====== Data under study
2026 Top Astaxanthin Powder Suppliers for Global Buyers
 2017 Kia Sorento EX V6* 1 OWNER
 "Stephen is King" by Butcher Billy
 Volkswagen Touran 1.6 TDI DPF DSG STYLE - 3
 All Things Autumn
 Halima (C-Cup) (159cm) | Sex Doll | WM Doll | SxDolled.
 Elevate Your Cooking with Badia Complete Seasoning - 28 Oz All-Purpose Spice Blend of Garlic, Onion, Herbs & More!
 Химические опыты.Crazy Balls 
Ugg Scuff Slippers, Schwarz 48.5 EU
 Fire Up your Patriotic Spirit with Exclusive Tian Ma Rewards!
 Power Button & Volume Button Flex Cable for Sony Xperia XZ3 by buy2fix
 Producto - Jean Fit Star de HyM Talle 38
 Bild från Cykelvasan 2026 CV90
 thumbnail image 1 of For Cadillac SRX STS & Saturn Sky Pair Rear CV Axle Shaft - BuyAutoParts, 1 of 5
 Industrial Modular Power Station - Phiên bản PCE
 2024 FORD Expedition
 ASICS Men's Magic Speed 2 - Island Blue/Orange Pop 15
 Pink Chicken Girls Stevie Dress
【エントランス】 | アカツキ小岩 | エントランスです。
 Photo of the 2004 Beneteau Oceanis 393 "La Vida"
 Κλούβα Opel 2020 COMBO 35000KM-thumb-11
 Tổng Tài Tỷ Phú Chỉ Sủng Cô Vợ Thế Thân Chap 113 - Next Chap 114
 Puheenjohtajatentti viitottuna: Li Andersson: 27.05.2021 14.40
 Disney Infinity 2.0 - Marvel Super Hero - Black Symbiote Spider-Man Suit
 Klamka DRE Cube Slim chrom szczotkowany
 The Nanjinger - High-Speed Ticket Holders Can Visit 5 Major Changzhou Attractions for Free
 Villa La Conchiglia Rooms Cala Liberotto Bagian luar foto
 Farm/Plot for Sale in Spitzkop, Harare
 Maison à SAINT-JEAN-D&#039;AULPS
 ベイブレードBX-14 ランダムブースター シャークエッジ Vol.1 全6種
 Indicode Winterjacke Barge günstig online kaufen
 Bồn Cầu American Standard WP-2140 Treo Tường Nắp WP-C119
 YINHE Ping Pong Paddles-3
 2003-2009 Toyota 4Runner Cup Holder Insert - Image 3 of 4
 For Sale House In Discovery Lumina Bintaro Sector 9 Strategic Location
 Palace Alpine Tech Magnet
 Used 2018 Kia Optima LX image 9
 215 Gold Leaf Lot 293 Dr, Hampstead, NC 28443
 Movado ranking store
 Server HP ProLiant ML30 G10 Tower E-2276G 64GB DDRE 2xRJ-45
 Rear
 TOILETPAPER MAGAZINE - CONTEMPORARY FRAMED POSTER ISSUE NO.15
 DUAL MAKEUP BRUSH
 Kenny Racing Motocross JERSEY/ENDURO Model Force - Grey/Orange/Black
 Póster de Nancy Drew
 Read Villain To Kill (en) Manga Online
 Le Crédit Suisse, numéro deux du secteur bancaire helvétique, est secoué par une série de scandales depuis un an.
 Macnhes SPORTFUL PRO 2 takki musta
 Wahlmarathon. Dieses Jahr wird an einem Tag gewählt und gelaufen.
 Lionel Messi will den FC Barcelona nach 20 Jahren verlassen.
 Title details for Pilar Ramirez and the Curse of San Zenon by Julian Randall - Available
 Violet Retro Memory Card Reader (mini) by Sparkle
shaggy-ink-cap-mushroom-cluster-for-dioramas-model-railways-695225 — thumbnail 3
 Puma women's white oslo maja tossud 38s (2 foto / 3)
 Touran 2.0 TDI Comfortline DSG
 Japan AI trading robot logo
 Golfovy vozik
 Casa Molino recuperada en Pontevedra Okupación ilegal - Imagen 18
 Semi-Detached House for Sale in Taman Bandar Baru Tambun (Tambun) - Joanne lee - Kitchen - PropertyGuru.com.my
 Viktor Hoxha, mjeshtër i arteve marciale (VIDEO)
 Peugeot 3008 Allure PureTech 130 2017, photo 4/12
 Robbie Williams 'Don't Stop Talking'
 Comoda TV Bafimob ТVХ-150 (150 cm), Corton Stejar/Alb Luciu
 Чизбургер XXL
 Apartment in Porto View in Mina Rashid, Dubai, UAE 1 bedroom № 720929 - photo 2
============
Set down, exactly as they stand above, the lines starting with the line with "Macnhes SPORTFUL PRO 2 takki musta" and going on through the line with "Violet Retro Memory", and no others.

 Macnhes SPORTFUL PRO 2 takki musta
 Wahlmarathon. Dieses Jahr wird an einem Tag gewählt und gelaufen.
 Lionel Messi will den FC Barcelona nach 20 Jahren verlassen.
 Title details for Pilar Ramirez and the Curse of San Zenon by Julian Randall - Available
 Violet Retro Memory Card Reader (mini) by Sparkle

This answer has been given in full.